* Money managers trim net short positions for third week-CFTC
* ShFE markets closed until Thursday
* Dollar dips; European shares rise after Italy names government
By Maytaal Angel and Harpreet Bhal
LONDON, April 29 (Reuters) - Copper rose on Monday, extending a recovery from 1-1/2 year lows hit last week supported by hopes for more U.S. and European central bank monetary easing and on signs of life in the physical markets.
Also helping copper, European shares rose after a coalition government was named in Italy, ending a two-month-old political impasse. The dollar fell versus the euro meanwhile, making dollar-priced metals cheaper for non-U.S. investors.
Benchmark three-month copper on the London Metal Exchange ended at $7,153.50 a tonne, up from Friday’s close of $7,030.
China’s markets will be closed until Thursday for Labour Day holidays.
Copper recorded a gain of 0.5 percent last week, its biggest since early February, as investors piled in after prices hit a year-and-a-half low of $6,762.25 a tonne. Prices are down some 11 percent this year.
“The market is a little bit too pessimistic on base metals. OK, inflation is decelerating, leading economic indicators are edging lower again, but in copper something is starting to improve,” said Credit Suisse analyst Tobias Merath.

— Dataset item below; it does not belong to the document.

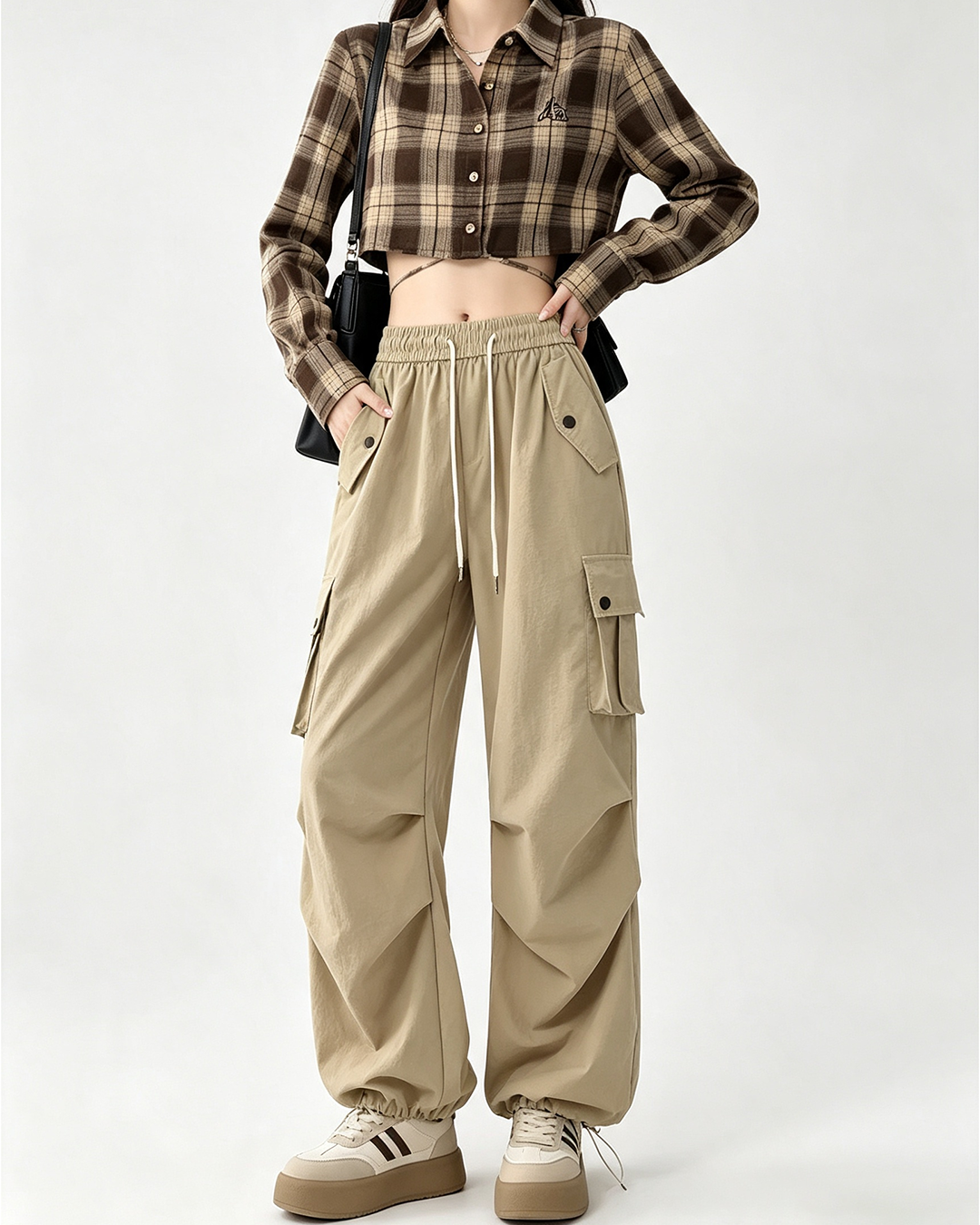 Women Parachute Cargo Pants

“Inventories in China (are) starting to come off, LME cancelled warrants have spiked, spot premiums are rising, especially in China, and the arbitrage (import) window is open,” he said.
Daily data showed LME stocks fell by 1,950 tonnes to 617,650 tonnes, though they remain near their highest in nearly a decade. In Shanghai, however, data last week showed SHFE copper stocks fell by 2.9 percent week on week to 217,180 tonnes, their lowest since early March.
Speculation is rife that the European Central Bank (ECB) will cut interest rates at its policy meeting on Thursday given the dreary run of economic news from the region.
The U.S. Federal Reserve also meets this week and is widely expected to keep its current pace of bond buying at $85 billion a month. The policy-setting Federal Open Market Committee will announce its decision at 1815 GMT on Wednesday.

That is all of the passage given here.